There are several definitions of Technical Debt out there, but one thing that most of them have in common is that they define Technical Debt as a form of compromise brought about by a lack of resources.

In a classic example, a programming team might decide to leave out product features and scrimp on Quality testing to make a software release date. (This is often done with the intent of adding those features and fixes in a future patch or product release.)  The Technical Debt here is that they have essentially “borrowed time” from future projects, probably adding to the scope of them too, in order to have something delivered sooner.  It’s kind of like borrowing against your credit card instead of paying cash — you get it faster, but you pay more in the long run.  

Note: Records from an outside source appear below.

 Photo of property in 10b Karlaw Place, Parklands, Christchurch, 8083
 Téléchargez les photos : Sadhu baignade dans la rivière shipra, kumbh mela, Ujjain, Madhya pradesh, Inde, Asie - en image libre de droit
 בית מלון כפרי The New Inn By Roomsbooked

I was first exposed to the idea of Technical Debt outside of the realm of programming, and the way that I tend to think of it is from the perspective of a System Administrator. Businesses tend to put off spending on technology (compromise) because they don’t have the time, money, skills, or staff (resources) to implement changes.  The debt here is that Systems and technology are constantly evolving, so the longer a company goes without making improvements, the more they will generally have to spend to get things current.  It’s almost like companies accrue interest by not applying resources today to keep technology up to date.  I saw this kind of debt employed at nearly every company I worked at back when I was a System Administrator, so this is nothing new.

 “Left unchecked, technical debt will ensure that the only work that gets done is unplanned work!”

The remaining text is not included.